PLAN OF DISTRIBUTION
E*TRADE Group, Inc. (the "Company") is registering all 1,794,544
shares of Common Stock, par value of $0.01 per share (the "Shares"), on behalf
of certain selling stockholders. The Company will receive no proceeds from this
offering. The Shares may be offered by certain stockholders of the Company or by
pledgees, donees, transferees or other successors in interest that receive such
Shares as a gift, partnership distribution or other non-sale related transfer
(the "Selling Stockholders"). All of the Shares were originally issued by the
Company in connection with the purchase of the capital stock of TIR (Holdings)
Limited, a Cayman Islands company ("TIR"), by and through the purchase of all of
the capital stock and options to purchase capital stock of TIR whereby TIR
became a wholly-owned subsidiary of the Company (the "Exchange"). The Shares
were issued pursuant to exemptions from the registration requirements of the
Securities Act of 1933, as amended (the "Securities Act"), provided by Section
4(2) thereof and Regulation S promulgated thereunder. The Shares are being
registered by the Company pursuant to the Exchange Agreement, dated as of July
12, 1999, by and between the Company and TIR and the Irrevocable Undertaking
Agreement, dated as of July 12, 1999, by and among the Company and the Selling
Stockholders.
The Selling Stockholders will act independently of the Company in
making decisions with respect to the timing, manner and size of each sale.
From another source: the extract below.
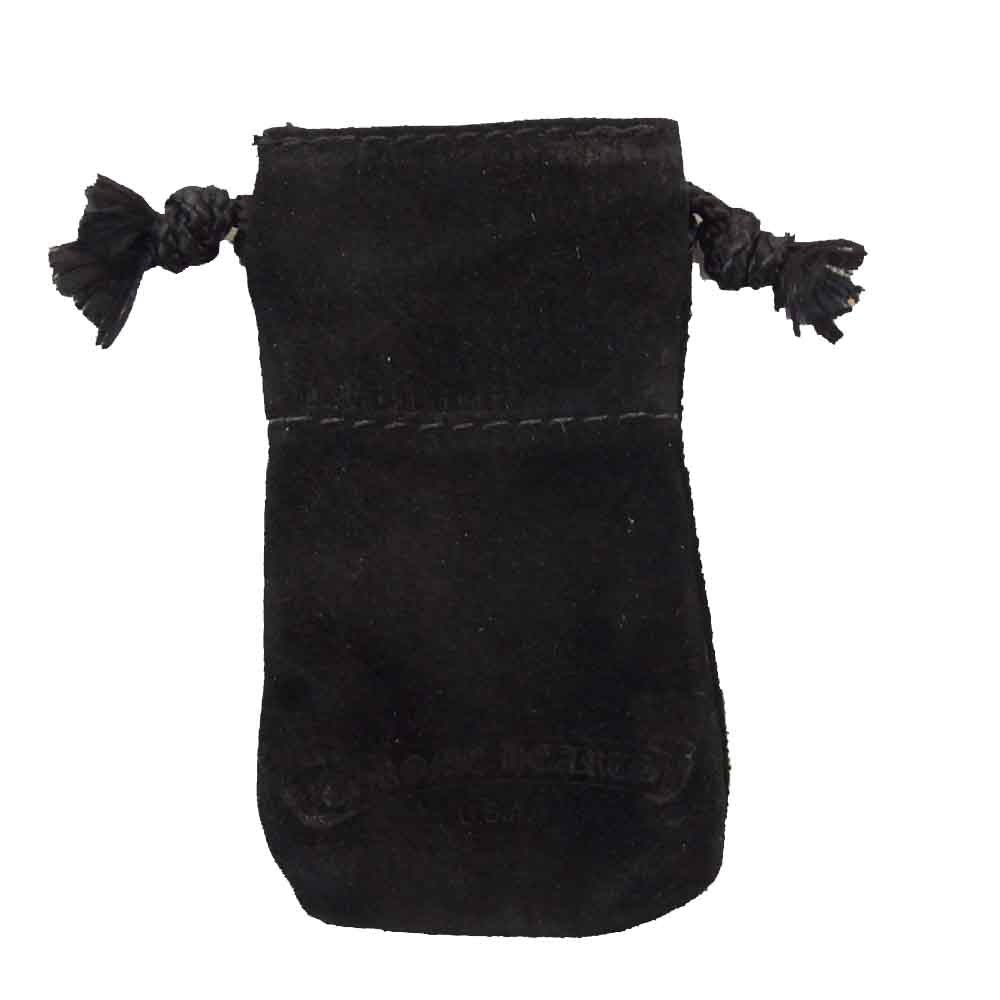 CHROME HEARTS クロムハーツ（原本無） ロール チェーン 16インチ シルバー系 16インチ【中古】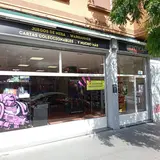 Herética Store, tienda de TCG en Vitoria-Gasteiz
Such sales may be made on one or more exchanges or in the over-the-counter
market or otherwise, at prices and at terms then prevailing or at prices
related to the then current market price, or in negotiated transactions. The
Selling Stockholders may effect such transactions by selling the Shares to or
through broker-dealers. The Shares may be sold by one or more of the
following: (a) a block trade in which the broker-dealer so engaged will
attempt to sell the Shares as agent but may position and resell a portion of
the block as principal to facilitate the transaction; (b) purchases by a
broker-dealer as principal and resale by such broker-dealer for its account
pursuant to this Prospectus; (c) an exchange distribution in accordance with
the rules of such exchange; (d) ordinary brokerage transactions and
transactions in which the broker solicits purchasers and (e) in privately
negotiated transactions. To the extent required, this Prospectus may be
amended or supplemented from time to time to describe a specific plan of
distribution. In effecting sales, broker-dealers engaged by the Selling
Stockholders may arrange for other broker-dealers to participate in the
resales.
In connection with distributions of the Shares or otherwise, the
Selling Stockholders may enter into hedging transactions with broker-dealers.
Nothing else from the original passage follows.